El agua se construye cuando mueren las ballenas,
de la indecisión de los verdugos
el agua aprende la humedad. 


Parece lejano el inicio de los años 1900,
una aguja tatuando el relieve,
una cadencia de roces para reproducir
cualquier sonido similar a un escorpión
que recién ha completado su condena. 


Nuestros cuerpos de cera,
nuestros cuerpos cilindros mal diseñados de cera,
orquesta que ignora todos los instrumentos
que viajan dentro de las maletas extintas.


Dentro de los osos de hace 5000 años,
prefiero los solos de viento,
cinco agujeros en su fémur,
la sinfonía ancestral que hace del viento
un lugar para continuar la muerte.

 

 

La luz apagada

 

 

Sin guardar importancia alguna, 
sin necesidad de género,
molde o muro de retención en un jardín invertido, 
así transita la muerte, 
dueña del espacio traslúcido
entre la sangre y las arterias encorvadas de las manos ajenas. 


Así se traduce la muerte,
lenguaje bípedo
que transcribe los accidentes de tránsito,
los imprime dentro del pan,
los disuelve en el café de las mañanas,
lenguaje cerrado que conversa a solas
con la piedra que se ejercita
en las frases que nos decimos antes de dormir. 

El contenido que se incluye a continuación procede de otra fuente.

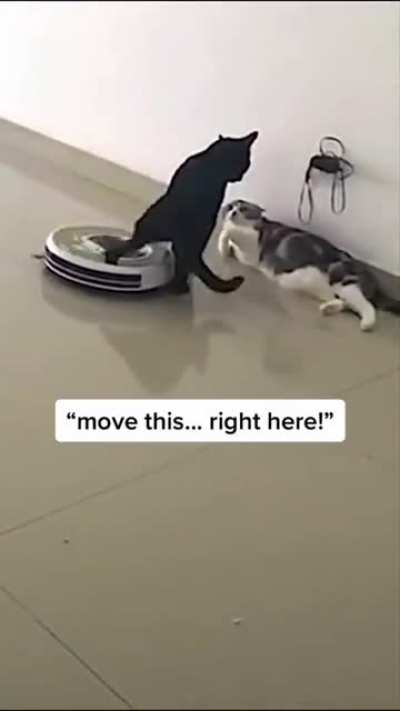 Mafia boss cat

Árbol de fuego seco con tronco inflamable que no arde,
instrumento de viento
que mantiene sin quemar
el alma de las cosas que ven la música
como la casa de empeño del llanto. 


Así la muerte encuentra camuflaje
en la tibieza de las iglesias
que entran en la temporada de rebajas
para las misas de bajo presupuesto,
para las misas que pueden costear
las larvas de las buenas costumbres. 


La muerte hermana,
suave tejido que le da textura a las mitades de las cosas,
textura que hace del trabajo de la guillotina ignorada
un milagro sucio de alas,
alas como páginas analfabetas con la mirada hacia el suelo.

 
La muerte hermano,
desconocido pariente que conoce la ropa interior de nuestro espíritu,
testamento de las aguas río abajo,
paciente que exige un dolor mayor
para el ramo de flores a la orilla de la cama. 


La muerte gemela,
así se confiesa la oscuridad
cuando la luz la escribe en dos,
dos mitades de una sandía rellena de oraciones
que no encuentran vida que las perdone.

 

 

Recipiente de luz

 

 

La luz tiene derecho a su propia metamorfosis,

a guardar oraciones en recipientes de vidrio,
tiene derecho a reclamar la sombra del agua,
a quedarse quieta para ver pasar
a las hormigas de huellas intercambiables. 


La luz nace en los lugares
donde los océanos cambian de nombre.

 
Duerme sobre algodones de oscuridad,
los envuelve y preserva del deshielo
que la sangre espera de las uvas. 


La luz lleva nombres propios en los callejones,
en las firmas sobre las paredes,
lleva cargamentos de grises para tejer la lencería del tacto. 


La luz tiene derecho a su doble personalidad,
cumple migraciones en los hoteles de paso
y arrastra un reptil de dudosa procedencia. 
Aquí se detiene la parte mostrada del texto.